Witness intimidation, secrecy, and the right to a fair trial
Witness intimidation is a serious problem in many drug and gang-related investigations. When prosecuting certain defendants, the government needs to be able to protect its witnesses from threats and intimidation. At the same time, most defendants pose no threat to witnesses, and defendants are constitutionally entitled to know who will testify against them and to get material evidence about those witnesses. The Court of Appeals of Maryland, the state’s highest or ‘supreme’ court, recently issued a thoughtful decision that highlights many of the tensions inherent in these two competing concerns. In Lancaster v. Maryland, in an armed robbery prosecution, the Court held that the trial judge erroneously permitted the government to withhold the names of key witnesses from the defendants before trial. The Court concluded that the government failed to support its contentions that the witnesses had been threatened or that the jailed defendants posed a substantial threat. The Court wrote:
The State failed to present any evidence regarding specific threats from Lancaster, his brother, or their associates, against the witnesses. No evidence was presented regarding Lancaster’s reputation for violence . . . The state also failed to identify any persons who might have carried out the alleged threats against the witnesses as Lancaster and his brother were incarcerated at the time. . . . We further conclude that the protective order in effect tied defense counsel’s hands and foreclosed him from pursuing a valuable source of information for cross-examination of the State’s witnesses.
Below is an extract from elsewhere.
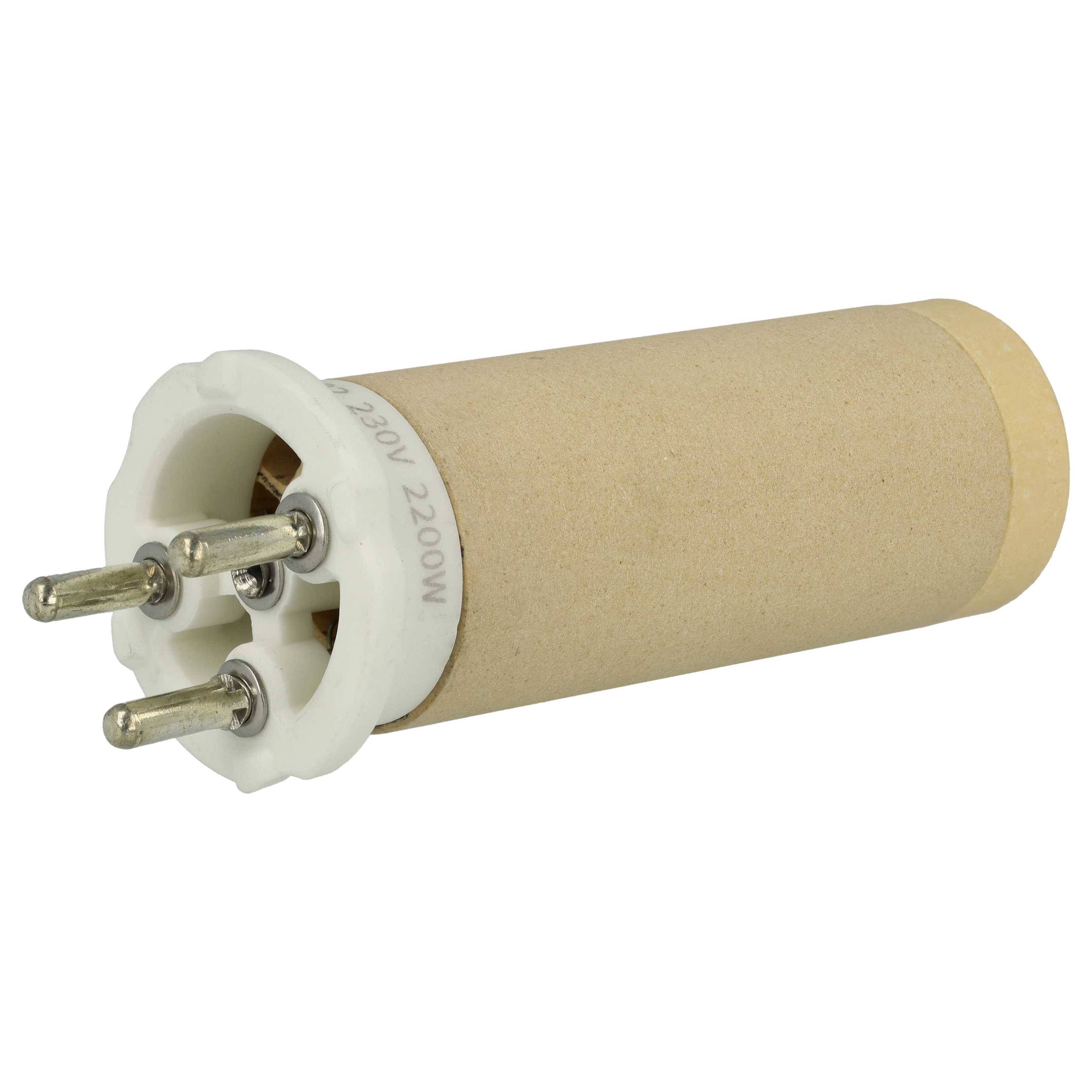 vhbw Heizelement kompatibel mit Leister MISTRAL UNIFLOOR 500 Heißluftschweißpistole - 2200 W, Keramik Heizkern, 3,15 x 9,1 cm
The government had withheld the names of four witnesses: two of those witnesses were accomplices in the robbery and received light sentences in exchange for their cooperation, a fact that the defendants did not learn until trial.
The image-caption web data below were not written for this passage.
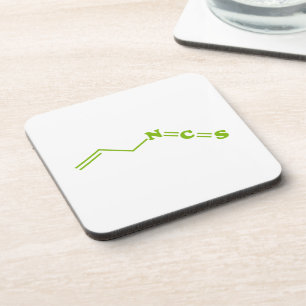 Porta-copo Fórmula Molecular De Isotiocianato De Wasabi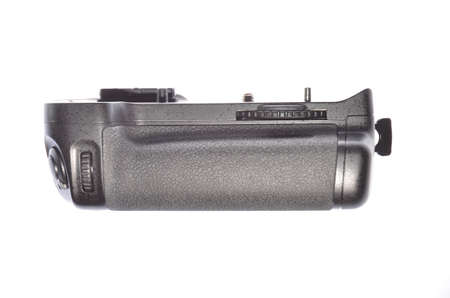 DSLR camera multi power battery grip pack isolatedの写真素材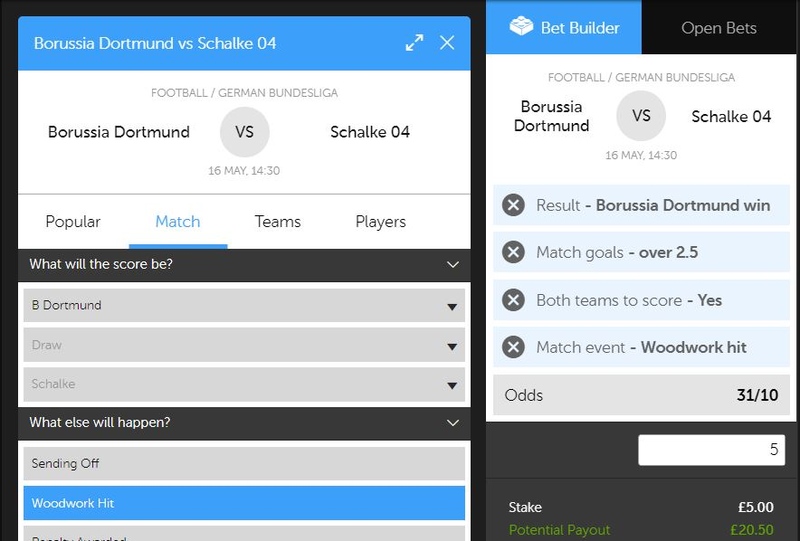 Bet Builders: How to Create an Acca With Bets From the Same Match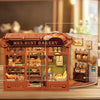 Book Nook DIY Wooden Miniature Kit with LED Lighting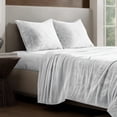 thumbnail image 1 of Bare Home Microplush Fleece Sheet Set - Ultra Soft - Deep Pocket - Twin, White, 1 of 9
By contrast, in Coleman v. State, an earlier Maryland case, the Court concluded that the trial judge properly withheld witness names from the defendants. In Coleman, the defendants were part of a gang that had threatened witnesses, there was evidence of specific threats against witnesses, and the defendants in the case were accused of murder.
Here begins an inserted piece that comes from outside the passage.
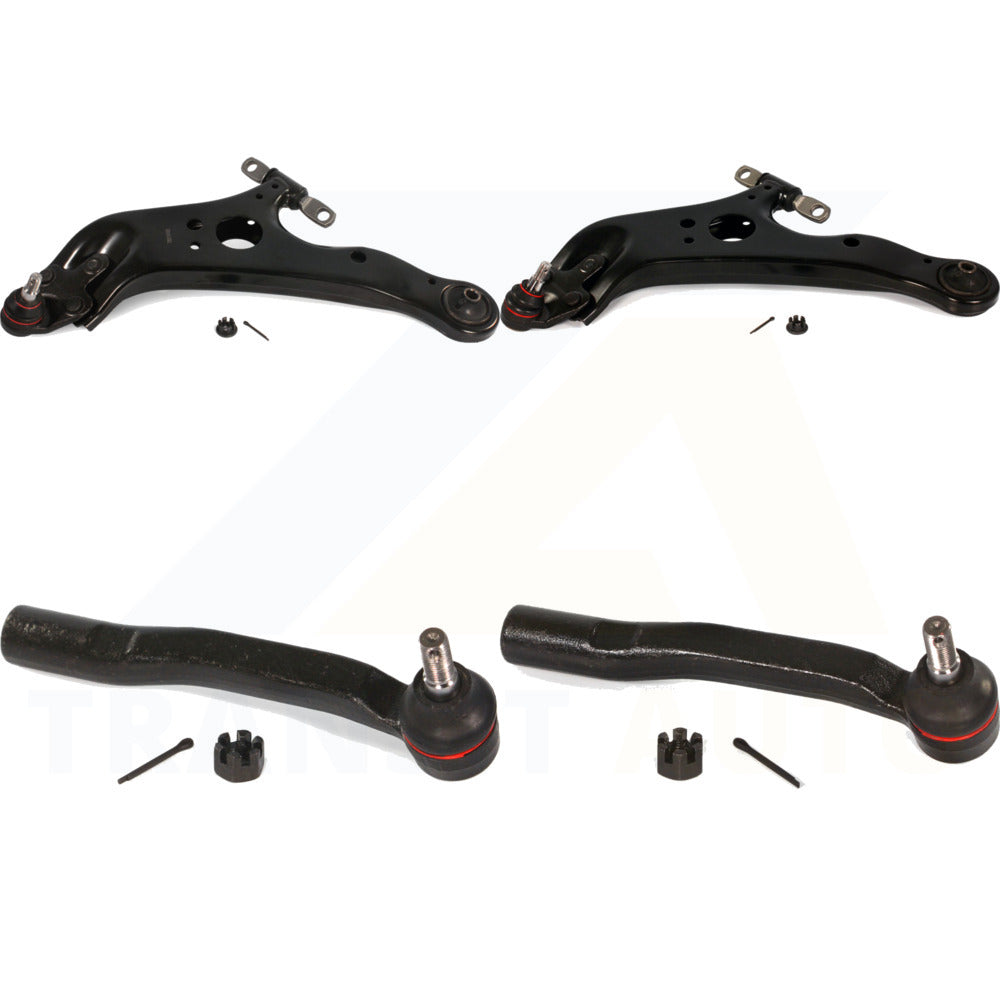 Front Suspension Control Arm Assembly And Tie Rod End Kit For 2011-2019 Toyota Sienna KTR-102679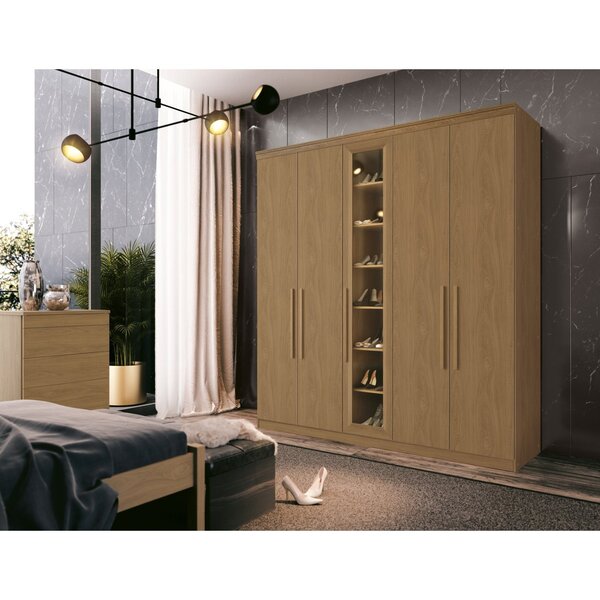 Guarda Roupa Casal Com Espelho Reflecta 5 Portas Slow Motion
The Lancaster and Coleman cases highlight the contextual nature of the problem–in some cases, withholding witness names and other information unfairly prevents defendants from challenging the accusations against them, while in other cases it is a vital precaution. Courts are supposed to carefully evaluate the facts each time. All too often, however, the mere claim that witnesses might be intimidated is persuading courts and other decision-makers to keep information secret, a phenomenon I explore at length in Chapter Four entitled “Secret Justice.” Here’s an excerpt:
Informant practices are inherently secretive: snitches often need their identities protected for safety, while the effectiveness of informant-driven investigations turns on their clandestine nature. But the secretive effects of using informants go far beyond ongoing investigations or protecting particular informants’ identities. Snitching has altered the ways that investigations are conducted and recorded; it affects public record-keeping by police and prosecutors, discovery practices, and what gets written down during plea negotiations. It has also shaped the informational rules prescribed by Supreme Court doctrine, internal judicial branch information policies, and even information-sharing between the Department of Justice and Congress. In other words, the pressure to conceal informant practices broadly affects the criminal system’s culture of record keeping, adversarial information-sharing, public policy and disclosure, making the entire process less transparent and accountable.